**TASK GOAL**.
Transcribe, starting at the line with "Flower Plant GIF by TRT" and ending at the line with "Météus screenshot 6", every line of the material below exactly, but leave out the pictures and anything outside that span.

**DATA UNDER STUDY**.
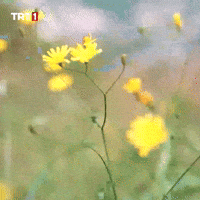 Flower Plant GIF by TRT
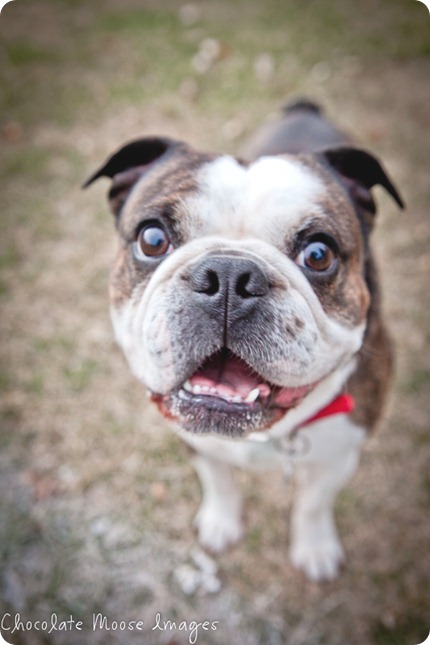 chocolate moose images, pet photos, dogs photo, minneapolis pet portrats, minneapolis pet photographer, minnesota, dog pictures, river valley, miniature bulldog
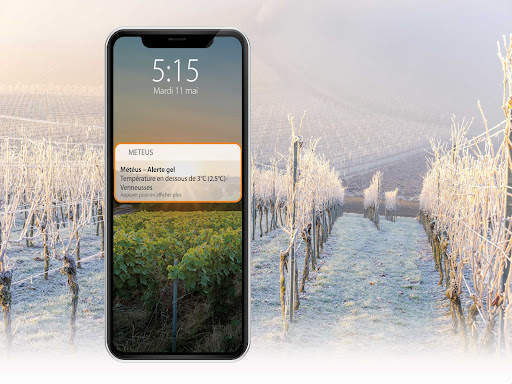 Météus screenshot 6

==

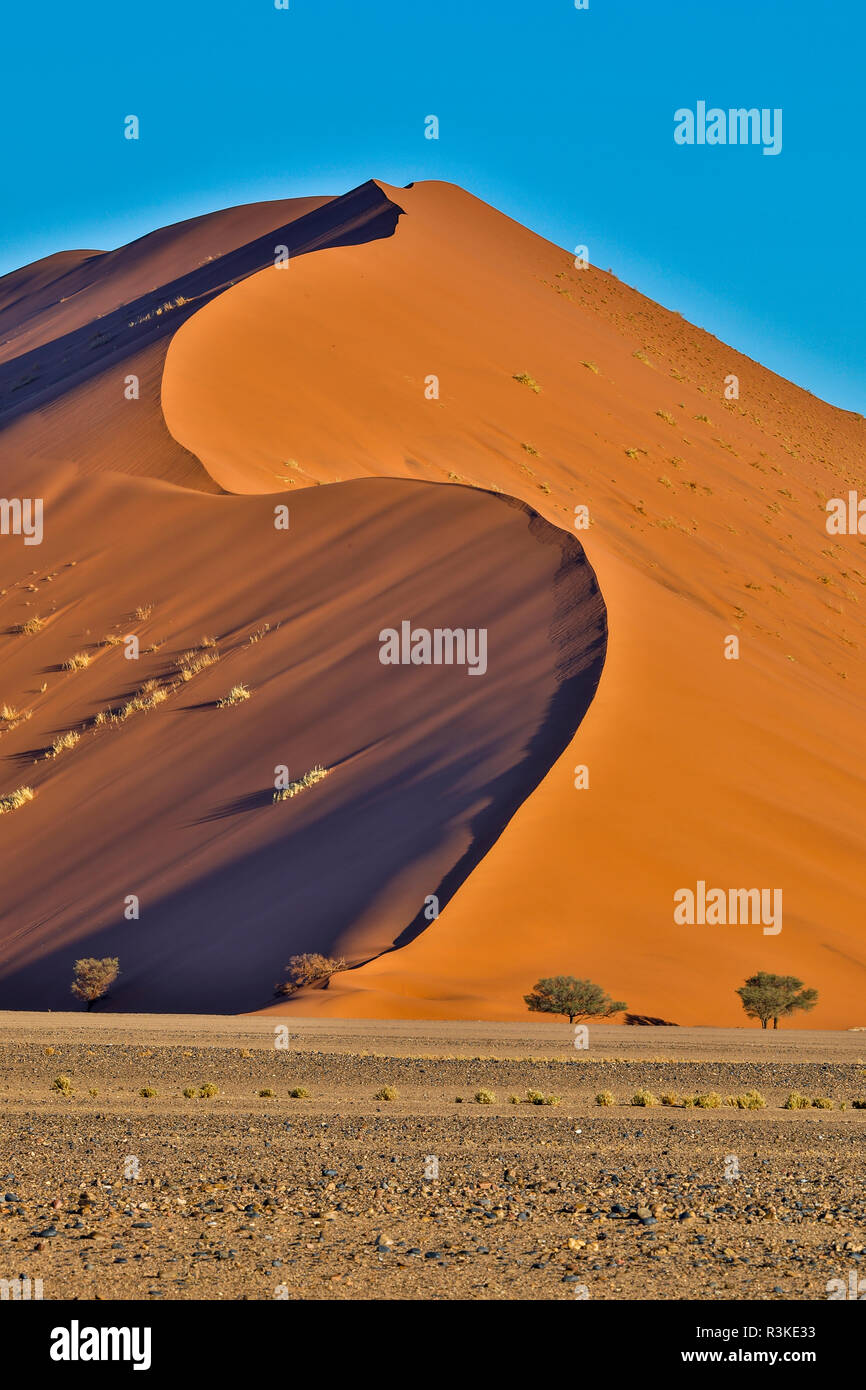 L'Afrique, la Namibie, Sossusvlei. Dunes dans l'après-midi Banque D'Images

**FINAL ANSWER**.
 Flower Plant GIF by TRT
 chocolate moose images, pet photos, dogs photo, minneapolis pet portrats, minneapolis pet photographer, minnesota, dog pictures, river valley, miniature bulldog
 Météus screenshot 6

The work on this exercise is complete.